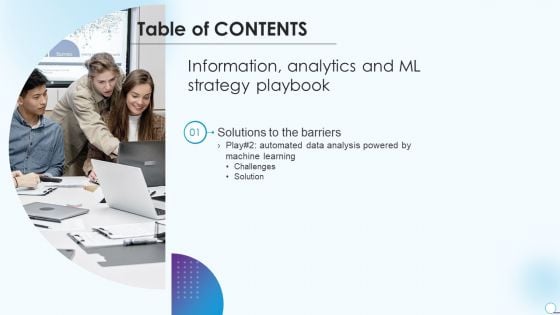 Table Of Contents Information Analytics And Ml Strategy Playbook Data Graphics PDF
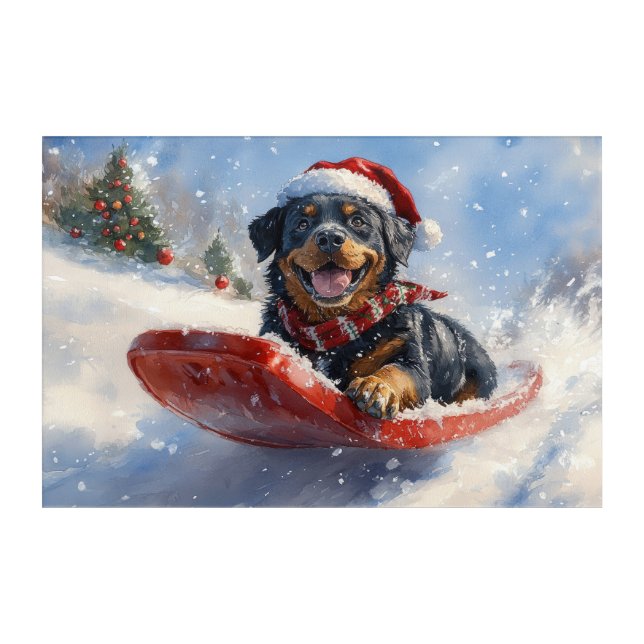 Rottweiler Dog in Sledge Let it Snow Christmas Acrylic Print (Front)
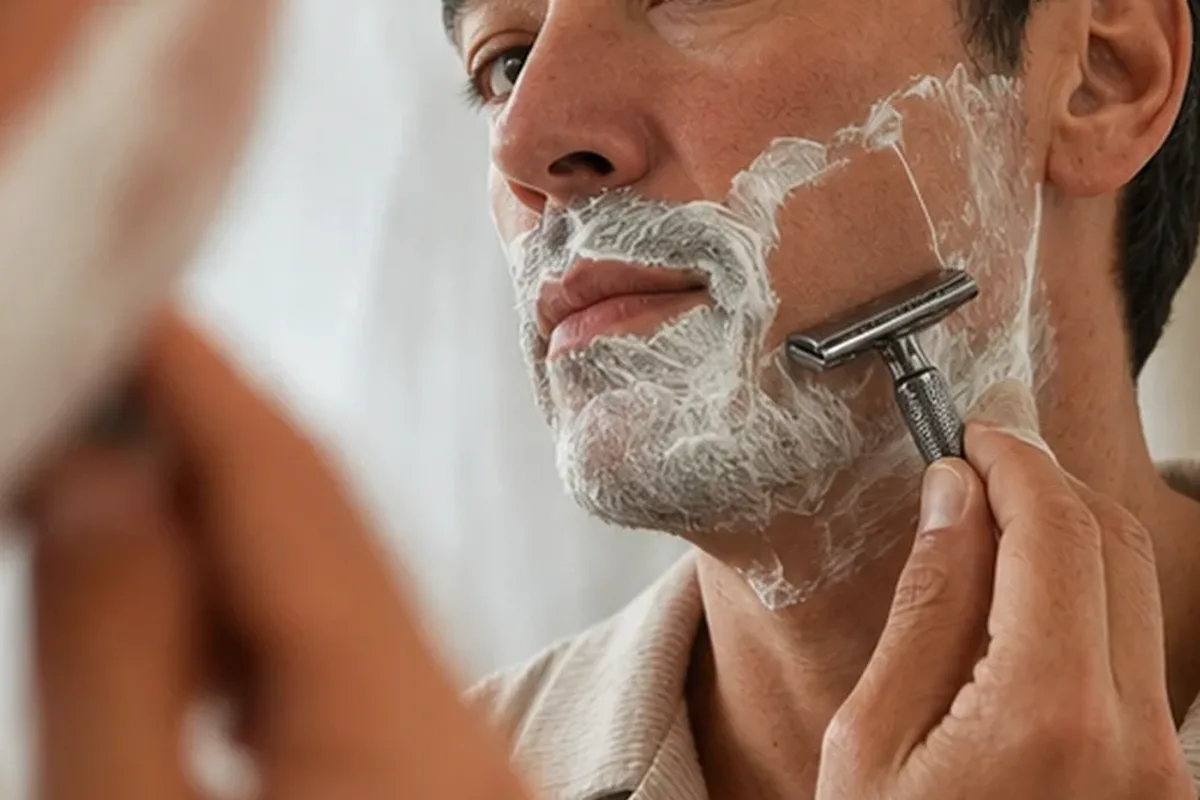 Authentischer Wohlfühlmoment passend zum Beauty-Thema Elektrorasierer für eine schnelle Anwendung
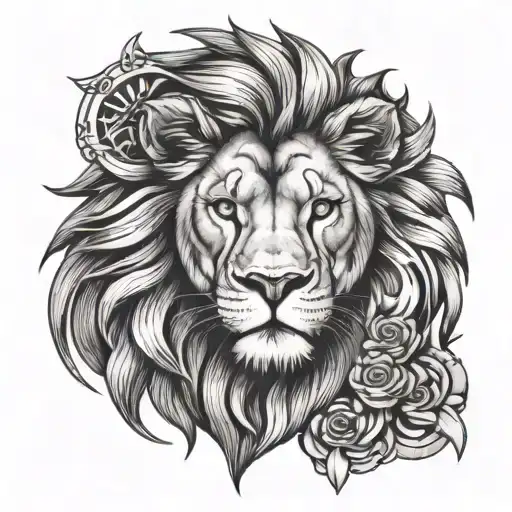 Lions Head With Square And Compas Hanging From Its Neck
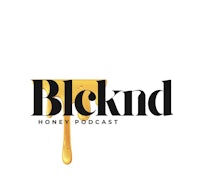 the blond honey podcast logo with a drip of honey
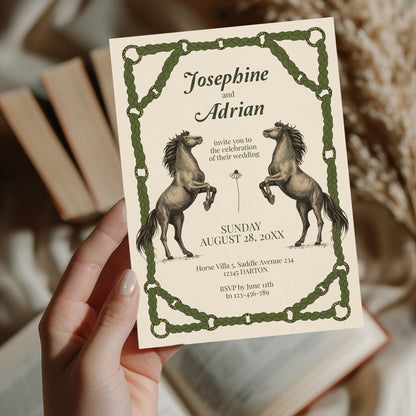 Romantic Equestrian Wedding Invitation - Braided Reins & Horse Motif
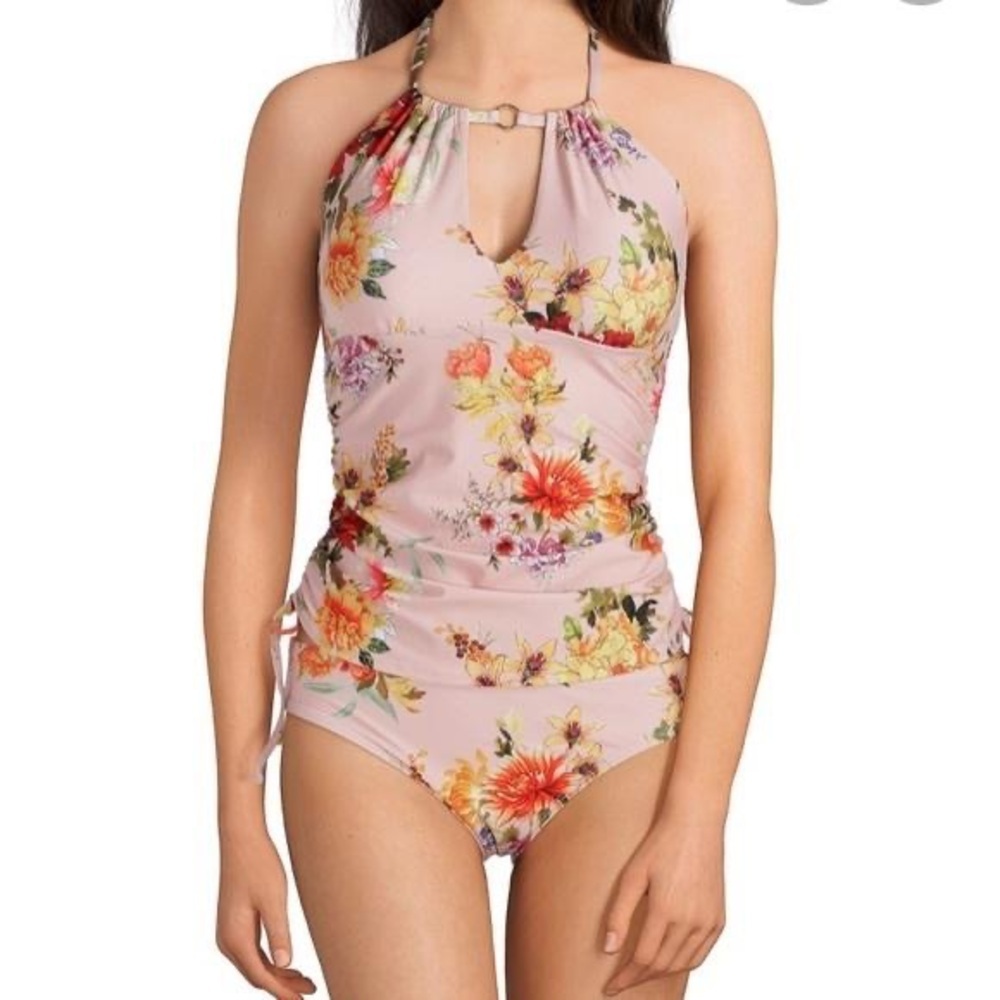 Antonio Melani Overjoyed S Floral High-Neck Tankini Swim Top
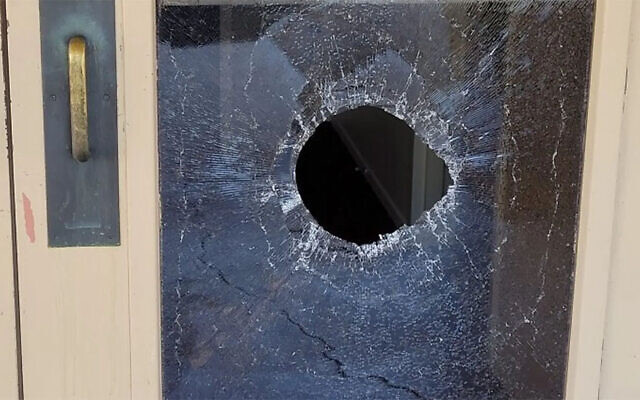 The aftermath of an allegedly antisemitic attack at the Chaverim Congregation in Tucson, Arizona on May 18, 2021. (Chaverim Congregation via JTA) The aftermath of an allegedly antisemitic attack at the Chaverim Congregation in Tucson, Arizona on May 18, 2021. (Chaverim Congregation via JTA)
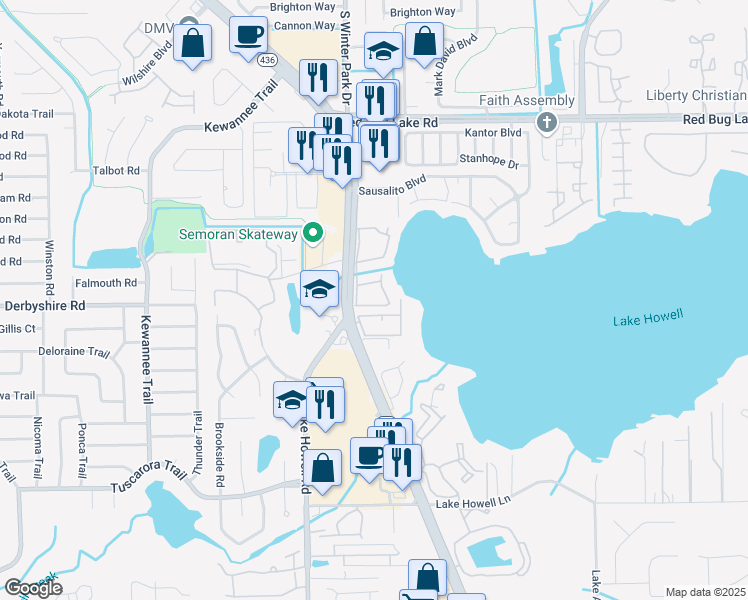 map of restaurants, bars, coffee shops, grocery stores, and more near 1158 Calle Del Norte in Casselberry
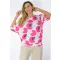 Mintás, passzés aljú felső ! fehér-pink L-XL
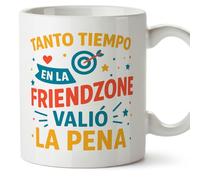 MUGFFINS taza graciosa novio novia Tanto tiempo en la friendzone valió la pena en Español para enamorados y aniversario | regalos San Valentín, novios, amor, romántico | pareja-2 v2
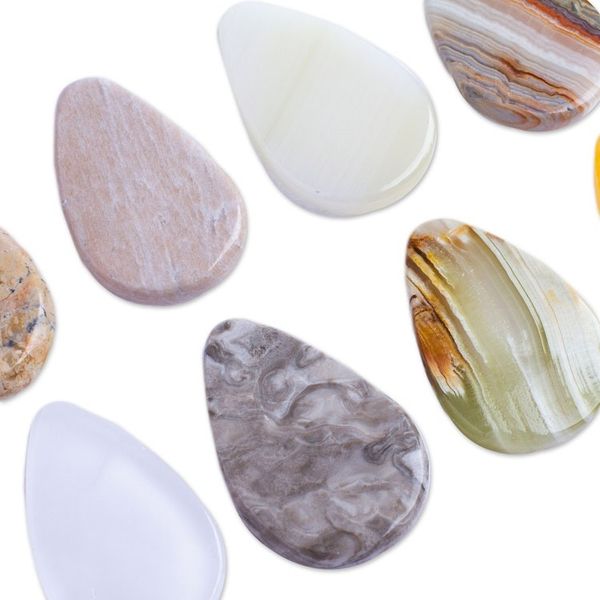 Alternate image for Set of 2 Drop-Shaped Marble Stress-Relieving Stones Paradise Drops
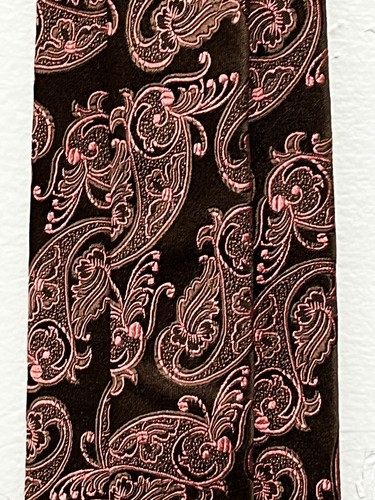 Ted Baker London Silk Tie 57โx4โ Brown Pink Paisley New - Picture 7 of 7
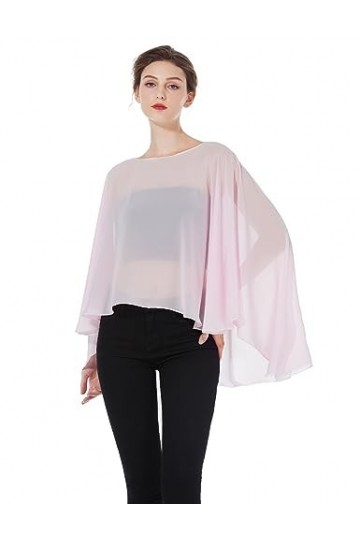 BEAUTELICATE Châle Étole En Mousseline de Soie Léger Cape Poncho Ample De Mariage D’été Soirée Femme Mariée Demoiselle dhonn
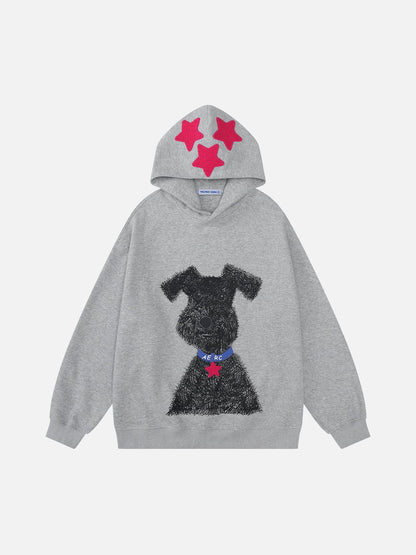 Aelfric Eden Oversized Graffiti Dog Graphic Hoodie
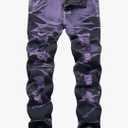 Men's Regular Fit Distressed Jeans Slim Fit Ripped Denim Pants Slim Straight Leg Stacked Jeggings 30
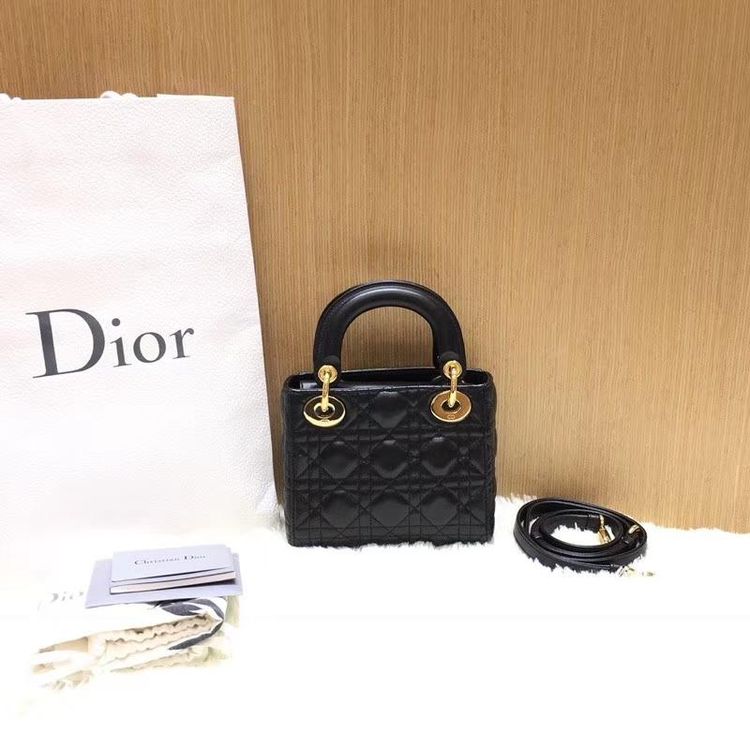 dior 迪奥黑金mini羊皮三格戴妃手提包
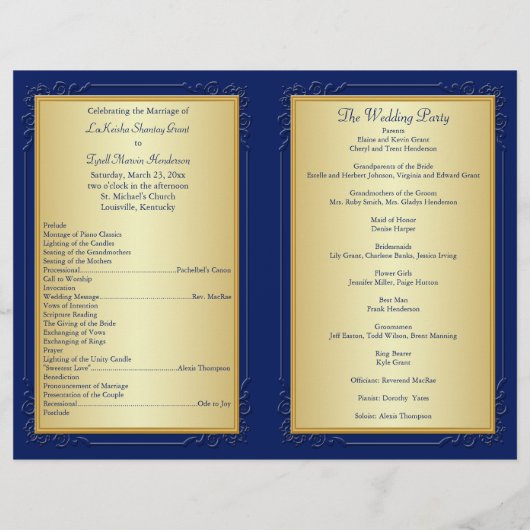 Monogrammed Blue, Gold Floral Wedding Programme (Dos)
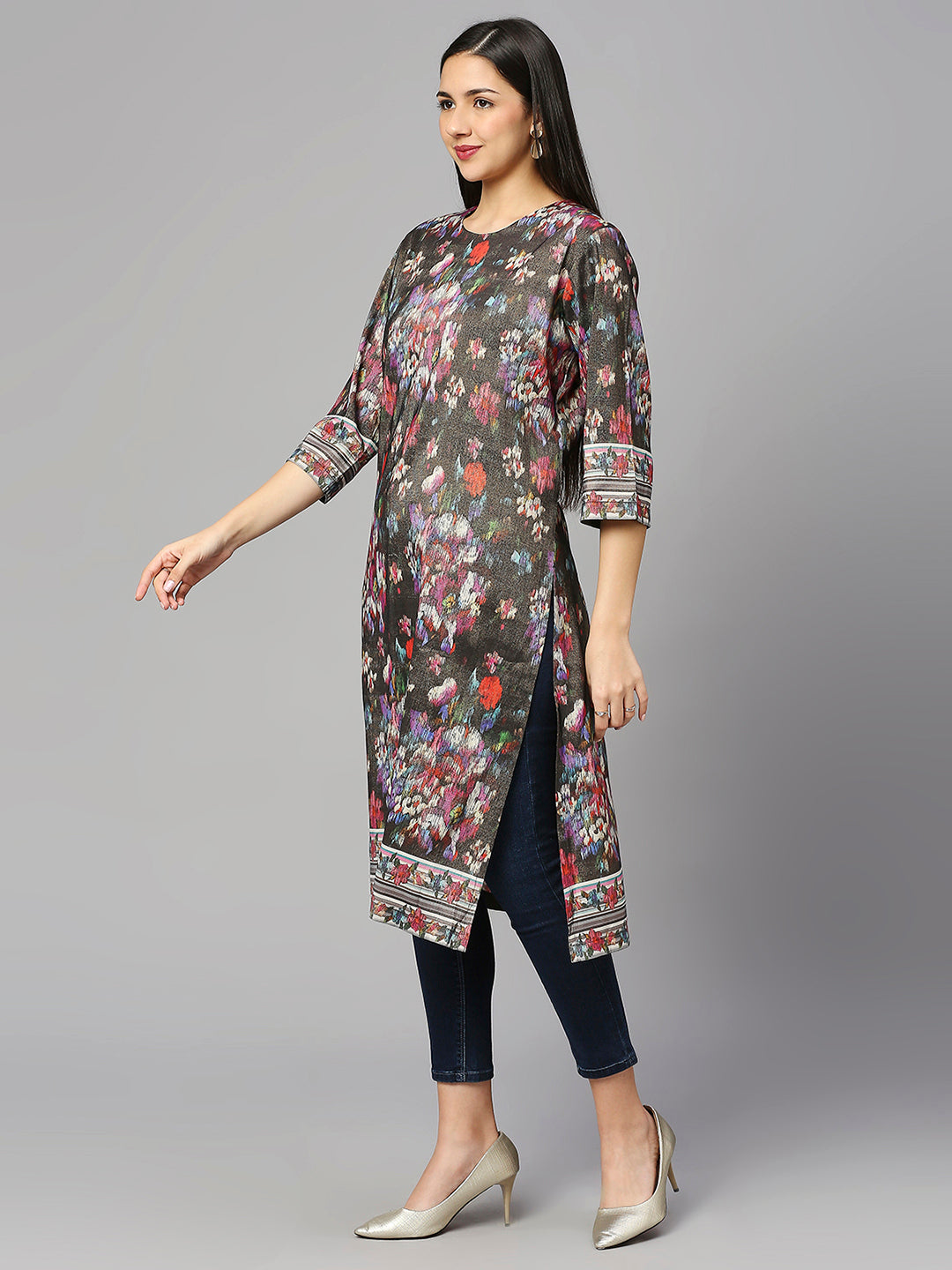 Multi Colored Floral Brocade Kurta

※

§ **EXERCISE**:
Output the data above exactly; pictures do not belong in the copy.

§ **RESULT**:
 Table Of Contents Information Analytics And Ml Strategy Playbook Data Graphics PDF
 Rottweiler Dog in Sledge Let it Snow Christmas Acrylic Print (Front)
 Authentischer Wohlfühlmoment passend zum Beauty-Thema Elektrorasierer für eine schnelle Anwendung
 Lions Head With Square And Compas Hanging From Its Neck
 the blond honey podcast logo with a drip of honey
 Romantic Equestrian Wedding Invitation - Braided Reins & Horse Motif
 Antonio Melani Overjoyed S Floral High-Neck Tankini Swim Top
 The aftermath of an allegedly antisemitic attack at the Chaverim Congregation in Tucson, Arizona on May 18, 2021. (Chaverim Congregation via JTA) The aftermath of an allegedly antisemitic attack at the Chaverim Congregation in Tucson, Arizona on May 18, 2021. (Chaverim Congregation via JTA)
 map of restaurants, bars, coffee shops, grocery stores, and more near 1158 Calle Del Norte in Casselberry
 Mintás, passzés aljú felső ! fehér-pink L-XL
 MUGFFINS taza graciosa novio novia Tanto tiempo en la friendzone valió la pena en Español para enamorados y aniversario | regalos San Valentín, novios, amor, romántico | pareja-2 v2
 Alternate image for Set of 2 Drop-Shaped Marble Stress-Relieving Stones Paradise Drops
 Ted Baker London Silk Tie 57โx4โ Brown Pink Paisley New - Picture 7 of 7
 BEAUTELICATE Châle Étole En Mousseline de Soie Léger Cape Poncho Ample De Mariage D’été Soirée Femme Mariée Demoiselle dhonn
 Aelfric Eden Oversized Graffiti Dog Graphic Hoodie
 Men's Regular Fit Distressed Jeans Slim Fit Ripped Denim Pants Slim Straight Leg Stacked Jeggings 30
 dior 迪奥黑金mini羊皮三格戴妃手提包
 Monogrammed Blue, Gold Floral Wedding Programme (Dos)
 Multi Colored Floral Brocade Kurta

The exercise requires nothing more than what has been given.